Root mean square percentage error (rmspe):\

5.40% for last test window

1.17% for validation\

  • Finally, all the qc_id, time series metadata, best parameter cofiguration, model forecast for the validation period and the correspondent RMSPE will be saved to database table 'hw_params_wholesale' and 'hw_params_retail' for future reference.

Pros and Cons:

Pros:

  • Can be customized. User has total control over window size (days for prediciton), sliding pace, train-test-val split, and grid-search domain.

  • Highly tolerent, suitable for all time series, even the flat data. Will always return the best model configuration.

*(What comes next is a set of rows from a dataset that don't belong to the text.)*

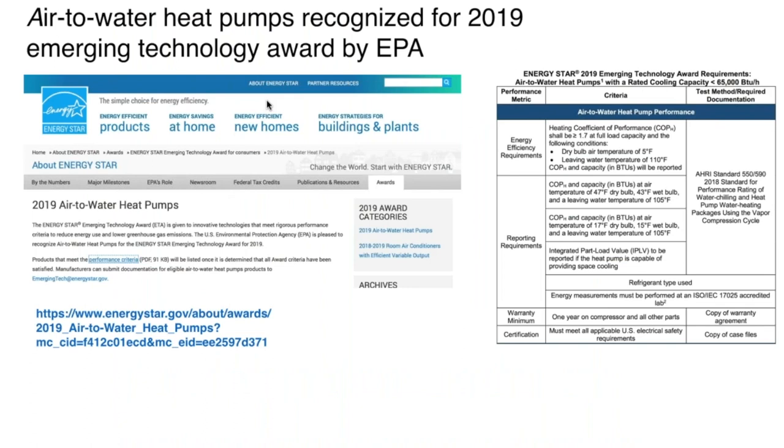Earlier this year, the EPA recognized air-to-water heat pumps as an emerging technology and awarded it the Emerging Technology Award. They've given performance benchmarks — a heating COP of 1.75 at an outdoor temperature of 5°F — and many products on the market now can equal or exceed that rating. It's certainly favorable that this technology is on the radar at the federal level.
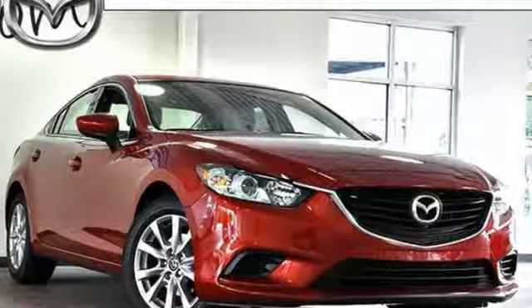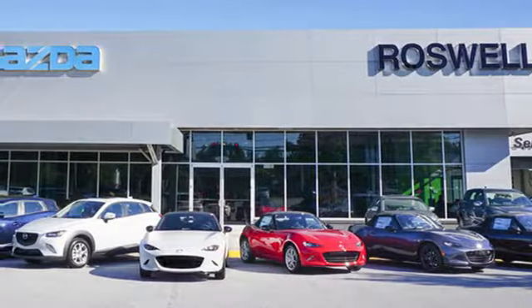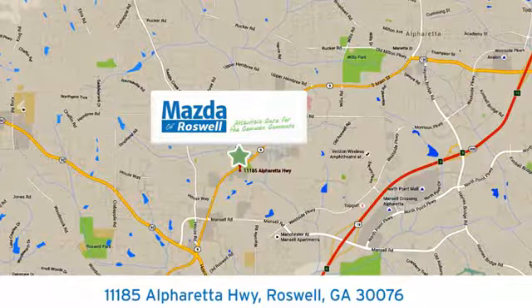Take home this Mazda 6 today. For your cure for the common commute, visit today. We're conveniently located at 11185 Alpharada Highway in Roswell, Georgia.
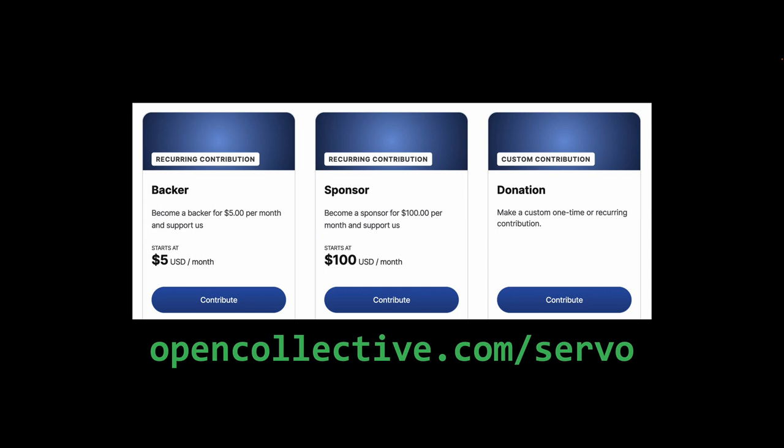Faster. Every dollar the Collective receives, which is more than 94% of every dollar given, will be dedicated to those purposes.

  • Forecast results are much more accurate comparing to Facebook Prophet forecast method.

  • Adaptive. User can add own model evaluation metrics, add random search instead of grid search.

Cons:

  • User needs to be familiar with python and database basics.

  • Time consuming. The grid search method desires large computational power. To get a better idea of computational intensity for the grid search method, we tested one time sequence: Dar Es Salaam Morogoro Rice, which has a total length of 1760 days after interpolation. On a stand-alone machine (2.6 GHz processor, 8 GB RAM), it took 108.73 min to finish grid searching of 144 configurations; while on a virtual machine with 64 GB RAM and 16 GPU cores (an AWS EC2 instance type m5ad.4xlarge), it took 17.38 min to complete the same task.

Future work:

  1. Use DQI metric Mode_D to define resolution for each time series, instead of use universal day-by-day time frame. This customized forecast resolution feature could reduce uncertainty due to interpolation and improve model accuracy.

  2. For time series where a large data gap exists, the interpolation method can result in a flat line, and the search method will favor dampening the trend. Since we apply a sliding window, and select best parameters based on smallest error over all sliding steps, hopefuly this data gap effect will be larged reduced. At this point, the data gap effect is still not clear and need further investigation.

  3. Random search and Bayesian Optimization could reduce the computation time, and are best-suited for optimization over continuous domains. These search methods worth exploring, keeping in mind of the discrete nature of the Holter-Winters model parameter domains (except for p seasonal period, which can be set as continuous integers).